The Hartland maker of conveyors embraced lean manufacturing in 2003 because lead times, order fulfillment rates and inventory levels weren’t where they needed to be. By scrapping the assemble-to-order approach previously used, on-time shipments improved to 98.9 percent last year from 90 percent previously. Inventories were slashed 45 percent, and order fulfillment went from two to three weeks to seven to ten days. Not surprisingly, customer satisfaction also spiked.
Cynics will dismiss Dorner’s build-to-order success as a discreet manufacturer seizing an opportunity not available to batch or continuous processing. But all manufacturers face pressure to customize their standard offerings. Whether they use a kanban card system like Dorner to track customer-specific orders or configurator software to electronically design and produce products and shipments in the way customers specify, manufacturers are trying to adopt demand-driven strategies. For high-volume, low-margin products like food and beverage, getting customers to actually specify the desired modifications might be the ultimate solution.

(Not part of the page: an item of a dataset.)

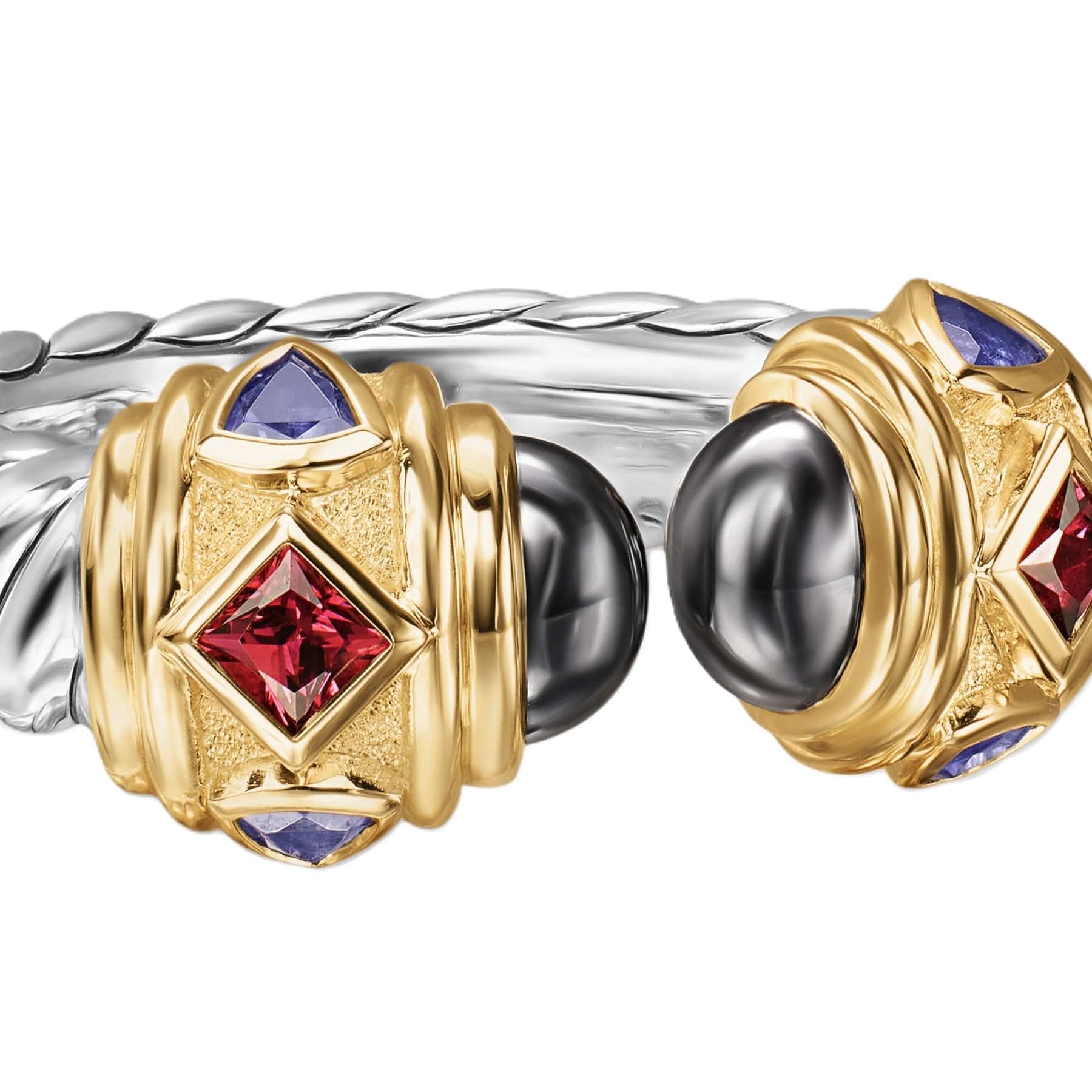 Renaissance® Color Ring Sterling Silver with 14K Yellow Gold, Hematine, Rhodolite Garnet and Iolite, 9.9mm - Image 4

A notable example is My M&Ms, the Masterfoods USA program that gives consumers the ability to order bags of M&Ms printed with personalized messages. Weddings and other special events have proved to be popular occasions for ordering the personalized candies. At a minimum price of $47.96 for four 7-oz. bags, personalized M&Ms generate the equivalent of $30 a lb., compared to $3 for regular M&Ms, more than justifying the special handling required. Messages are keyed in by customers when they place an order at the interactive www.mymms.com site. The delivery-date promise automatically adjusts, depending on the number of orders in the queue.
“If you have a flexible printing head and you’re dealing with the same uniform-sized M&M, you have tremendous flexibility to produce a product like that,” one industrial engineer commented. “No system is infinitely flexible, but that’s a fairly straightforward customized manufacturing design.”

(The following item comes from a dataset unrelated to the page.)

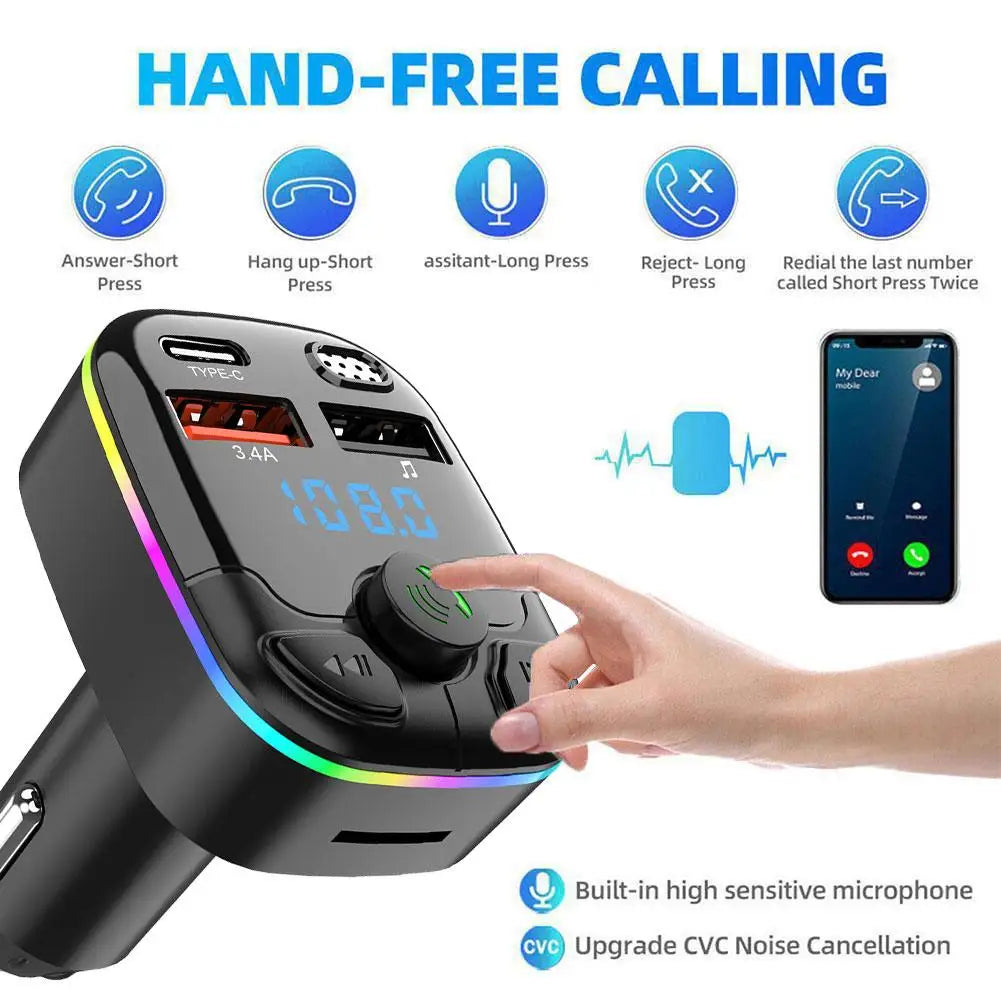 Bluetooth 5.0 FM Transmitter Car Charger – Dual USB & Type-C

“The fact that we print on M&Ms late in the process, anyway, minimizes the disruption to automated processes,” notes John Helferich, a recently retired executive with Masterfoods USA. Customized printing wouldn’t mean much with a commodity product, however. “There has to be a connection with the product,” he says. “It depends on the emotional equity of the brand.”
Personalized M&Ms are a variation of mass customization Frank Piller calls delayed product differentiation (DPD). Piller, a founding faculty member of MIT’s Smart Customization Group, estimates 20 computer components can result in a stunning 8.8 trillion PC configurations. Yet PC suppliers can deliver the features customers want and still realize economies of scale in assembly through DPD.

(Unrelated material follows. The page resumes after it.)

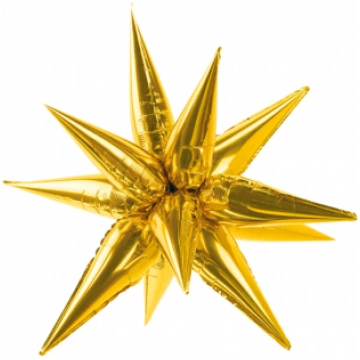 Lietots - 3D folija balons "Zelta zvaigzne" (95 cm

Mass customization may play out differently at a food plant than an electronics- or auto-assembly plant, but all factories can realize big savings. In a recent analysis, Forrester Research estimated auto makers could reduce unit costs by $3,500 per vehicle by shifting to build to order. The savings on a frozen entrée wouldn’t be as dramatic, of course, but food processors also could benefit. Successful implementation can be difficult, however, as illustrated by JM Smucker Co.
Orrville, OH-based Smucker had build-to-order in mind when it commissioned a facility in Scottsville, KY, to make Uncrustables, a frozen peanut butter & jelly sandwich without a crust. Scheduling production for a line that demonstrated its flexibility when peanut butter sandwiches, peanut butter & honey on wheat and other variations were added didn’t derail the build-to-order effort. Instead, precise scheduling of trucks in and out of the rural community, along with a 36-hour CIP cycle, created a logistical nightmare. Ultimately, Smucker threw in the towel and built a frozen warehouse to store finished goods until they could be shipped.
Have it my way
Special product and shipping requirements can undermine opportunities for automation. They also run counter to the efficiencies of mass production, and that can shrink the margins of any manufacturer.“The tension between customization and volume production had created a monster for Houston Harvest,” Gay Burke flatly states. “We were trying to be all things to all customers.” Burke became chairman of the Franklin Park, IL, popcorn-tin and gift-products manufacturer in March after the firm was acquired by Blackstreet Capital Management. Too much customization had resulted in an underperforming company, and Burke is trying to “rebalance and simplify” sales and production to get it back on track.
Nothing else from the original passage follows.